The role of RT in the management of MM is for the palliation of symptomatic bone mets, prevention of pathologic fractures, and the relief of cord compression. The dose of RT given in MM is generally 20–36 Gy in 1.5–2 Gy/fx.
Why is the dose of RT for the management of SP higher than the dose used in MM?
RT used in MM is for palliation of Sx, and doses of 20–30 Gy are generally sufficient to palliative this radioresponsive tumor. By definition, SP is a localized neoplasm, and a curative paradigm is employed. Dose escalation is used under the assumption that complete eradication of tumor can occur at higher doses.
What is the role of bisphosphonates in the management of MM?
Bisphosphonates are given with 1st-line antimyeloma therapy b/c they have been shown to decrease the risk of skeletal events (41% vs. 24%) and decrease bone pain. (Berenson JR et al., NEJM 1996)
What is the initial management of transplant candidate pts with MM?
The recommended management of potential transplant candidates with MM is induction bisphosphonate/bortezomib/dexamethasone + / − thalidomide.

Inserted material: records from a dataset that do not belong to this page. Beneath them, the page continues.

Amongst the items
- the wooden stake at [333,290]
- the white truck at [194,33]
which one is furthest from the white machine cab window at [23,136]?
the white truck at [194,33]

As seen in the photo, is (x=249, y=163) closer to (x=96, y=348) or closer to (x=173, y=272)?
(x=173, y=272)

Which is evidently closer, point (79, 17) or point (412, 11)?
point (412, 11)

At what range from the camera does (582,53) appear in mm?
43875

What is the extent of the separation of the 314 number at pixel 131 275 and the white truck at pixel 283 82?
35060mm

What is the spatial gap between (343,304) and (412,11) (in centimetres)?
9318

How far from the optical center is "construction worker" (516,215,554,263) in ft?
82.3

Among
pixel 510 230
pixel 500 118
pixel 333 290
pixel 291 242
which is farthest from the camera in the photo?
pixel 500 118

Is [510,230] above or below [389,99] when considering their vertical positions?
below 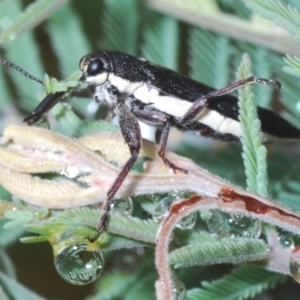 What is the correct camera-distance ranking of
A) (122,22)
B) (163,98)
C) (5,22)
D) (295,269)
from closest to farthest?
1. (295,269)
2. (163,98)
3. (5,22)
4. (122,22)

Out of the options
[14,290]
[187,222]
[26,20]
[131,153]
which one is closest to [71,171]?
[131,153]

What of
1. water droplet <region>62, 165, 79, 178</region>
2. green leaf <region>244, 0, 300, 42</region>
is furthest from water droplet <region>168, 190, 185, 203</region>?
green leaf <region>244, 0, 300, 42</region>

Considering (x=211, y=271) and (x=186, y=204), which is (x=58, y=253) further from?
(x=211, y=271)

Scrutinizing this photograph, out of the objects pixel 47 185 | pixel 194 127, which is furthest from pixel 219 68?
pixel 47 185

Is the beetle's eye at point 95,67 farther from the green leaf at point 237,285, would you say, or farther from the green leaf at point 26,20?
the green leaf at point 237,285

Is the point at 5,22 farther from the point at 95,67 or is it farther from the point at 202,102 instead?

What is the initial management of non-transplant candidate pts with MM?
The recommended management of nontransplant candidates with MM is induction bisphosphonate/melphalan/prednisone + either bortezomib or thalidomide.
What type of BMT is preferred in the management of MM?

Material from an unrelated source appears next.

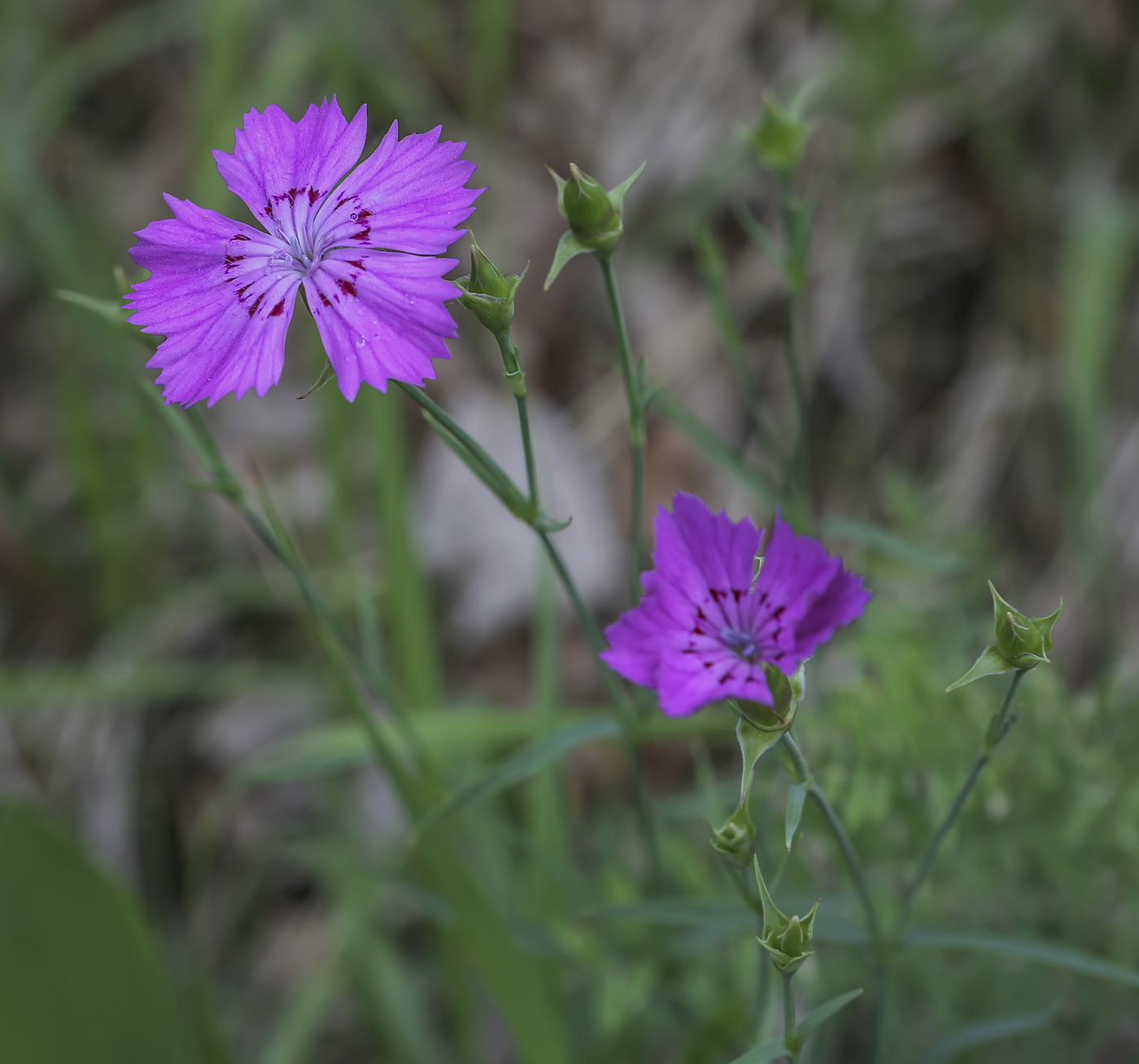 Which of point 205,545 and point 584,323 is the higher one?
point 584,323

In 1 study, an autologous transplant followed by a nonmyeloablative allograft was superior in terms of OS in comparison to tandem autologous graft in the management of MM. (Bruno B et al., NEJM 2007)
What is the preferred conditioning regimen for pts receiving a myeloablative BMT in MM?
High-dose melphalan is the preferred conditioning regimen in pts with MM undergoing BMT. A randomized study of high-dose melphalan vs. total body irradiation (8 Gy in 4 fx) + low-dose melphalan showed worse hematologic toxicity and worse OS in pts treated with RT. (Moreau P et al., Blood 2002)
What RT Tx portal should be used in the management of SBP?
If toxicity allows, treat the entire involved bone with a 2–3-cm margin in RT Tx of SBP. In the spine, include 2 vertebral bodies above and 2 vertebral bodies below the lesion.
What RT Tx portal should be used in the management of SEP?
The Tx portal recommended in the primary management of SEP is the extraosseous SP + primary draining LNs.
What is the recommended follow-up for pts with SP?
Recommended SP follow-up: clinical evaluation + quantitative immunoglobulins, M protein, CBC, CMP, LDH, and β2M q3mos for 1 yr. A bone survey should take place q6–12mos for the 1st 2 yrs. After 2 yrs, continued clinical evaluation and annual bone survey is appropriate.